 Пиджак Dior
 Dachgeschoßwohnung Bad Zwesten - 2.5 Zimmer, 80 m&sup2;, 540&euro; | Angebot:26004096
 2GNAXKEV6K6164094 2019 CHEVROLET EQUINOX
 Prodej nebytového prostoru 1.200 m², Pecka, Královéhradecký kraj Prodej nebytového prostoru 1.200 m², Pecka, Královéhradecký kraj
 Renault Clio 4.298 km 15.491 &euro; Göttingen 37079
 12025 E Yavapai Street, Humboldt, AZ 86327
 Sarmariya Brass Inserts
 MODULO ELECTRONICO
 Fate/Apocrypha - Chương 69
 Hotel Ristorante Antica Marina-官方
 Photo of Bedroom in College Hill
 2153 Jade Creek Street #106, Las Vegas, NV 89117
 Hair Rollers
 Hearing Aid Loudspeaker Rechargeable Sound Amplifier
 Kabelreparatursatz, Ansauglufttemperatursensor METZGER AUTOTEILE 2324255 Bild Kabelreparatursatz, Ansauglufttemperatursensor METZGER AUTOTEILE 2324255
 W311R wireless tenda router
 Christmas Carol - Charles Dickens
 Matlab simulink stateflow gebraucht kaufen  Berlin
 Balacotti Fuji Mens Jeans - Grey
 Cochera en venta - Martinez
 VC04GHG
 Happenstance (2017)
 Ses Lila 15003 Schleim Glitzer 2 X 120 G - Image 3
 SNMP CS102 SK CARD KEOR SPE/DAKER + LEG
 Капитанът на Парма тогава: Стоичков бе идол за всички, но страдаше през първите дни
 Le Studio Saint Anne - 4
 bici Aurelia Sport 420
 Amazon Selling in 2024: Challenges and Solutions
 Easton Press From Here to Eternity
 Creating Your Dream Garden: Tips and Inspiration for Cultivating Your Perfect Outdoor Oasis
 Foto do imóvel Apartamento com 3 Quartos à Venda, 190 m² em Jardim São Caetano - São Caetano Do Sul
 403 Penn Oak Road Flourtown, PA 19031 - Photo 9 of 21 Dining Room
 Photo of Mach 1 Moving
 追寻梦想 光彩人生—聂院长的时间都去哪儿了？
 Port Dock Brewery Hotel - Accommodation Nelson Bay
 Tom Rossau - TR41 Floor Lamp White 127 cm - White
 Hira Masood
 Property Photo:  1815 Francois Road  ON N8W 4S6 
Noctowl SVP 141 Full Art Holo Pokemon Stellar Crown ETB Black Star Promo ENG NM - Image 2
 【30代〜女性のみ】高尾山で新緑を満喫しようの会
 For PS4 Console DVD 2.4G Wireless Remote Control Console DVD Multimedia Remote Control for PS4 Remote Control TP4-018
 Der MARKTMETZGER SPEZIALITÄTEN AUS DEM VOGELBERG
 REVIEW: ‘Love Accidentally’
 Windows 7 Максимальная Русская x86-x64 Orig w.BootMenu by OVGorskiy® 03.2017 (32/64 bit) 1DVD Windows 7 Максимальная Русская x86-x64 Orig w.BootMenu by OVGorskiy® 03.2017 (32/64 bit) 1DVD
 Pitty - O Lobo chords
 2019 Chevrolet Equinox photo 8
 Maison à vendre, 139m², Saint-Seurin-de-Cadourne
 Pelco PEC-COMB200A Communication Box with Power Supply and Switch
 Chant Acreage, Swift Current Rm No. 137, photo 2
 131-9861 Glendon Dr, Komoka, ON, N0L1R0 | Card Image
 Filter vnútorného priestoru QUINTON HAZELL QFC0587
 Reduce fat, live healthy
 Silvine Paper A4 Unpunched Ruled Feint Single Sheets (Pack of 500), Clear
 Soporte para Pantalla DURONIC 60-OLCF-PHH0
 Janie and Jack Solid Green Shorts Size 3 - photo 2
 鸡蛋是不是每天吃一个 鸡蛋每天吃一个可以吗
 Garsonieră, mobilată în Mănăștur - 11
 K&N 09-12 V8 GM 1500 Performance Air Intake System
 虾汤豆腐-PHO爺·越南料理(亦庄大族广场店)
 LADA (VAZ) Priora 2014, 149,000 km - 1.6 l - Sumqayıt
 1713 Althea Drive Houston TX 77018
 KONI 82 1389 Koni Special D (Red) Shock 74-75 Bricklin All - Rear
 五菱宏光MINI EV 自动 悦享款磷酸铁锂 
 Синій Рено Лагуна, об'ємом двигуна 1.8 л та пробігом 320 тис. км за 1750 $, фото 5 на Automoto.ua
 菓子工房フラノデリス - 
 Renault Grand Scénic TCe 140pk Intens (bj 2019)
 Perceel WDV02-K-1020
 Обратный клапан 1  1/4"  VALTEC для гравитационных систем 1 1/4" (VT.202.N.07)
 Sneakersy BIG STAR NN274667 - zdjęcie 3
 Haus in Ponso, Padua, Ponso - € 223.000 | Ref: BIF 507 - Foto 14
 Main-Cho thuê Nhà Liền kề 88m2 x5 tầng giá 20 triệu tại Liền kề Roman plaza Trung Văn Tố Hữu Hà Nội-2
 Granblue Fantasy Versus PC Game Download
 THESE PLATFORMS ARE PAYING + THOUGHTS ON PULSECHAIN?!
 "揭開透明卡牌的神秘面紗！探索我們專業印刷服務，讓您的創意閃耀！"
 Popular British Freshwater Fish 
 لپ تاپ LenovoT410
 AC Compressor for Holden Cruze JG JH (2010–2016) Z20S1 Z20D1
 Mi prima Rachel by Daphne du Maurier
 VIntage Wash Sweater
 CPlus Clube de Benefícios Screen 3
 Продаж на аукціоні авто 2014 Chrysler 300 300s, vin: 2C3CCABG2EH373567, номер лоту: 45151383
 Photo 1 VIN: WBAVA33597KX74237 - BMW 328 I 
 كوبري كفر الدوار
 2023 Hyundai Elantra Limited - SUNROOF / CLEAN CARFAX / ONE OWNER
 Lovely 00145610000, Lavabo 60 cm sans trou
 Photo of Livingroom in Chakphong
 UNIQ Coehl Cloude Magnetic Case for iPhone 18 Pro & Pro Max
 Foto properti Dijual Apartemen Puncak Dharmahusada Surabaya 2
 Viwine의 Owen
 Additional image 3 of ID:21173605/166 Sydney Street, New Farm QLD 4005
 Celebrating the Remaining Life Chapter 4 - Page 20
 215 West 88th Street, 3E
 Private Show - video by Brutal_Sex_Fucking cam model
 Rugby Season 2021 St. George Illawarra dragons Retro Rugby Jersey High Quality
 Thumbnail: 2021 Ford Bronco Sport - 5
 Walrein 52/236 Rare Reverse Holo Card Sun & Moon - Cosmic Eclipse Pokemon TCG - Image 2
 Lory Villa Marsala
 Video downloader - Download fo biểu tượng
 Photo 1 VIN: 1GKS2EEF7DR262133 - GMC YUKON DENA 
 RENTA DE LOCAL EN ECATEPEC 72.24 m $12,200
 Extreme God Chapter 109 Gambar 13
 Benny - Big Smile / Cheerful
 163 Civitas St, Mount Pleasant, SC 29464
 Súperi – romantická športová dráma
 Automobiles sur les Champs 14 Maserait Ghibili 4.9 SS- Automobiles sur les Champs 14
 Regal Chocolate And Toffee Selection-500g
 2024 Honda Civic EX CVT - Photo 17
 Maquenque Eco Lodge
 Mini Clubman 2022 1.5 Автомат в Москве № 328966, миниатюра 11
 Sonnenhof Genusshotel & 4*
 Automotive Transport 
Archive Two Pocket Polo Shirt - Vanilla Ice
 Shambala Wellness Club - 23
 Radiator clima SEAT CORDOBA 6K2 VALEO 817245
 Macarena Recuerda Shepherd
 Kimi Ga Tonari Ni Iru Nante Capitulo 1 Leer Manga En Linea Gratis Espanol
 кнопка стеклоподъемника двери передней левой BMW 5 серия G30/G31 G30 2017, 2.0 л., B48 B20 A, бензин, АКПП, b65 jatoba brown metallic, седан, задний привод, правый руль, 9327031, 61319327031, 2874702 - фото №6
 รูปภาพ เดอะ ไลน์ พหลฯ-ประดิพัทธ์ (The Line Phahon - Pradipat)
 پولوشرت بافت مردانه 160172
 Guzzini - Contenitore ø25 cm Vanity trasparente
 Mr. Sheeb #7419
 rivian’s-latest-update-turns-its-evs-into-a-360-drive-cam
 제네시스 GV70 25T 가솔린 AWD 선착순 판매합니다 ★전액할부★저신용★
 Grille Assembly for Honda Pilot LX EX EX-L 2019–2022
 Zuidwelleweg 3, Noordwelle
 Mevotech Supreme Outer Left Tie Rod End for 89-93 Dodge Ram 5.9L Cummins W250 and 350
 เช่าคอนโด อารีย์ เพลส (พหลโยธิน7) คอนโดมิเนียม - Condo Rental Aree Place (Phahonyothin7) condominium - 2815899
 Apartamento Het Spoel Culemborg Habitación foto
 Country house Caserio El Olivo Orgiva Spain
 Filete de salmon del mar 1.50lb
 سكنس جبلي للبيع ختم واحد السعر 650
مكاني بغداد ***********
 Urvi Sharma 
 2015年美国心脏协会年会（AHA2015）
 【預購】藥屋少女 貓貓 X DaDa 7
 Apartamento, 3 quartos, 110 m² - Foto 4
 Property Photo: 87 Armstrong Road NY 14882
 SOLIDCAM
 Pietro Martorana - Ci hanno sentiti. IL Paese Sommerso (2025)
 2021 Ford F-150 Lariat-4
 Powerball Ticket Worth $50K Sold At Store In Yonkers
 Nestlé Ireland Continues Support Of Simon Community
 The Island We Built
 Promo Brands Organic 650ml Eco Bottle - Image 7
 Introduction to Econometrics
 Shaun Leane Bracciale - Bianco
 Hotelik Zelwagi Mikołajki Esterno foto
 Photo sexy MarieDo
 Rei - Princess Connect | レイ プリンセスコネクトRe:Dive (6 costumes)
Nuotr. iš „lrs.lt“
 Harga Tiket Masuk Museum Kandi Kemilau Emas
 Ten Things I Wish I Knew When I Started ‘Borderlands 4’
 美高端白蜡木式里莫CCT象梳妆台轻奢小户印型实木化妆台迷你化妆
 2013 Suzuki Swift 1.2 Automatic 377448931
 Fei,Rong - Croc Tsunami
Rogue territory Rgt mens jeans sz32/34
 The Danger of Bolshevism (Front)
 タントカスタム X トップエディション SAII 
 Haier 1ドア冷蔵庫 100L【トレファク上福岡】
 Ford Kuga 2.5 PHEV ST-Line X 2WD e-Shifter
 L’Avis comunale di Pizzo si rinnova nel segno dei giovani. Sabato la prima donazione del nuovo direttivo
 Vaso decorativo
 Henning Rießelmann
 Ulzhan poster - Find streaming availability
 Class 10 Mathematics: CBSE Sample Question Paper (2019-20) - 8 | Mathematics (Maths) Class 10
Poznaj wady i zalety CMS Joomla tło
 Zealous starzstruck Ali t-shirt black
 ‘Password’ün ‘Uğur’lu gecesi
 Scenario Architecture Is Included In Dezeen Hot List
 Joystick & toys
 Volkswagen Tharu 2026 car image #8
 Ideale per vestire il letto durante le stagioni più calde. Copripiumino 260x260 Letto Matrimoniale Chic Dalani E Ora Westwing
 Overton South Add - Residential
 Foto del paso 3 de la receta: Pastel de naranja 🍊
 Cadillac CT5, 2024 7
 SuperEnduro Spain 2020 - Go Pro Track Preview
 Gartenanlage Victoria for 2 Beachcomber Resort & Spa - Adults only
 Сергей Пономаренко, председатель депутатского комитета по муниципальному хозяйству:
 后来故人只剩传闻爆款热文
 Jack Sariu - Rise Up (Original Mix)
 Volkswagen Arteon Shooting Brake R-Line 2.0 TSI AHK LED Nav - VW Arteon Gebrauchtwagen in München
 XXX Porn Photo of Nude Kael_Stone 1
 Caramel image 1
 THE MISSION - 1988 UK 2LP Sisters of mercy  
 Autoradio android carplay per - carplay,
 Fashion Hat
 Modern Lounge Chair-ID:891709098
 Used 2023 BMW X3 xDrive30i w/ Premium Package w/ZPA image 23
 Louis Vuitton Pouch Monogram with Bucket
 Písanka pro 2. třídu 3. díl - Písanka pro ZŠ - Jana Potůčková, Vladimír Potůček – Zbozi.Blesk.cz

GOAL OF THE EXERCISE
Set down, exactly as they appear above, all lines from the one that has "五菱宏光MINI EV 自动 悦享款磷酸铁锂" down to the one that has "2024 Honda Civic EX CVT - Photo 17", including those two and no others.

EXERCISE RESPONSE
 五菱宏光MINI EV 自动 悦享款磷酸铁锂 
 Синій Рено Лагуна, об'ємом двигуна 1.8 л та пробігом 320 тис. км за 1750 $, фото 5 на Automoto.ua
 菓子工房フラノデリス - 
 Renault Grand Scénic TCe 140pk Intens (bj 2019)
 Perceel WDV02-K-1020
 Обратный клапан 1  1/4"  VALTEC для гравитационных систем 1 1/4" (VT.202.N.07)
 Sneakersy BIG STAR NN274667 - zdjęcie 3
 Haus in Ponso, Padua, Ponso - € 223.000 | Ref: BIF 507 - Foto 14
 Main-Cho thuê Nhà Liền kề 88m2 x5 tầng giá 20 triệu tại Liền kề Roman plaza Trung Văn Tố Hữu Hà Nội-2
 Granblue Fantasy Versus PC Game Download
 THESE PLATFORMS ARE PAYING + THOUGHTS ON PULSECHAIN?!
 "揭開透明卡牌的神秘面紗！探索我們專業印刷服務，讓您的創意閃耀！"
 Popular British Freshwater Fish 
 لپ تاپ LenovoT410
 AC Compressor for Holden Cruze JG JH (2010–2016) Z20S1 Z20D1
 Mi prima Rachel by Daphne du Maurier
 VIntage Wash Sweater
 CPlus Clube de Benefícios Screen 3
 Продаж на аукціоні авто 2014 Chrysler 300 300s, vin: 2C3CCABG2EH373567, номер лоту: 45151383
 Photo 1 VIN: WBAVA33597KX74237 - BMW 328 I 
 كوبري كفر الدوار
 2023 Hyundai Elantra Limited - SUNROOF / CLEAN CARFAX / ONE OWNER
 Lovely 00145610000, Lavabo 60 cm sans trou
 Photo of Livingroom in Chakphong
 UNIQ Coehl Cloude Magnetic Case for iPhone 18 Pro & Pro Max
 Foto properti Dijual Apartemen Puncak Dharmahusada Surabaya 2
 Viwine의 Owen
 Additional image 3 of ID:21173605/166 Sydney Street, New Farm QLD 4005
 Celebrating the Remaining Life Chapter 4 - Page 20
 215 West 88th Street, 3E
 Private Show - video by Brutal_Sex_Fucking cam model
 Rugby Season 2021 St. George Illawarra dragons Retro Rugby Jersey High Quality
 Thumbnail: 2021 Ford Bronco Sport - 5
 Walrein 52/236 Rare Reverse Holo Card Sun & Moon - Cosmic Eclipse Pokemon TCG - Image 2
 Lory Villa Marsala
 Video downloader - Download fo biểu tượng
 Photo 1 VIN: 1GKS2EEF7DR262133 - GMC YUKON DENA 
 RENTA DE LOCAL EN ECATEPEC 72.24 m $12,200
 Extreme God Chapter 109 Gambar 13
 Benny - Big Smile / Cheerful
 163 Civitas St, Mount Pleasant, SC 29464
 Súperi – romantická športová dráma
 Automobiles sur les Champs 14 Maserait Ghibili 4.9 SS- Automobiles sur les Champs 14
 Regal Chocolate And Toffee Selection-500g
 2024 Honda Civic EX CVT - Photo 17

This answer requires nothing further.